3.The question is about medium dates (that are eaten raw only in pressed circumstances).
(k)Answer (R. Asi): My Rebbi (Levi) forbids them.
(l)(Rav): Shesisa'ah (a cooked dish made with flour of Kelayos) is permitted;
(m)(Shmuel's father and Levi): It is forbidden.
(n)Version #1: All agree that if it was made with flour of dried wheat and barley, it is permitted (vinegar is never added);
1.All agree that if it was made from lentils and vinegar, it is forbidden (their vinegar probably came from their wine);
2.They argue about Shesisa'ah made from lentils and water. Shmuel's father and Levi forbid it due to Shesisa'ah from lentils and vinegar. Rav does not decree.

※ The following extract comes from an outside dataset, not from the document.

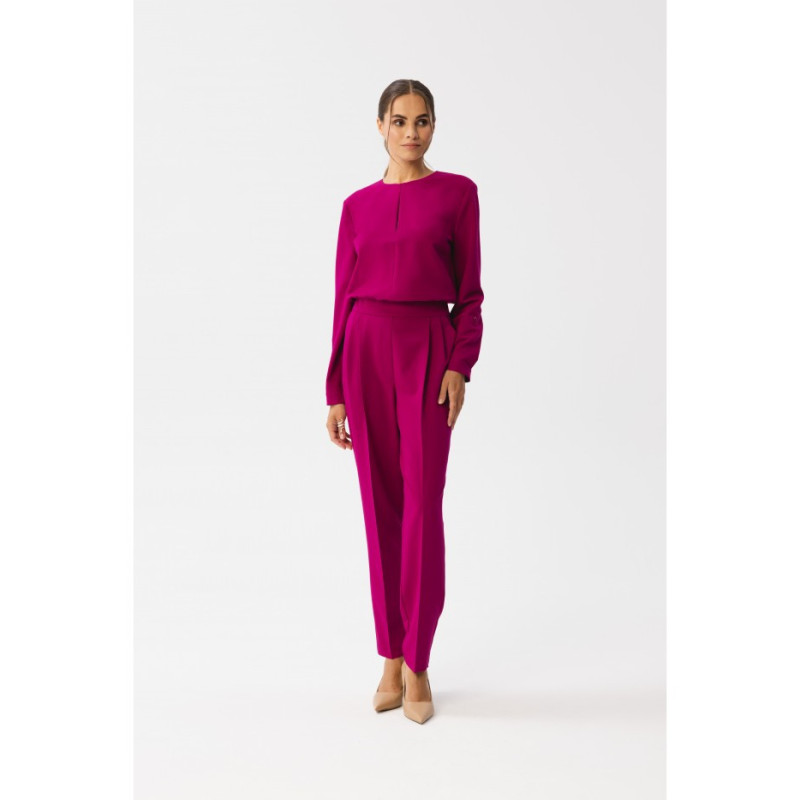 S355 Jumpsuit with a split neckline - plum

(o)Version #2: All agree that if it was made with lentils, it is forbidden. Even if it was with water, we decree due to lentils and vinegar;
1.They argue about Shesisa'ah of wheat and barley. Shmuel's father and Levi forbid it due to Shesisa'ah of lentils. Rav does not decree.
(p)(Rav): Barzilai ha'Giladi sent two types of Shesisa'ah to David - "u'Se'orim v'Kemach v'Kali u'Ful va'Adashim v'Kali."
(q)In Neharde'a, people buy Shesisa'ah of Nochrim. They are not concerned for the decree of Shmuel's father and Levi.
5)FOODS TO WHICH WINE IS ADDED
(a)(Mishnah): Preserved foods of Nochrim to which wine is often added (are forbidden to eat, but one may benefit from them).
(b)(Chizkiyah): This is only if we do not know that wine was added. If we know, one may not benefit from them.
(c)Question: Why is it different than Muryas? One may benefit from Muryas, even though most people add wine to it (it is as if we know that wine was added)!
(d)Answer: There, the wine merely is Mevatel the broth (its taste is wasted), regarding preserved foods, it improves the taste.
(e)(R. Yochanan): Even if we know that wine was added, one may benefit from them.
(f)Question: Why is this different than Muryas, according to R. Meir (who forbids benefit from it)?
(g)Answer: There, the wine is part of the essence (it is consumed with the Muryas). Here, it is not (it merely preserves the food).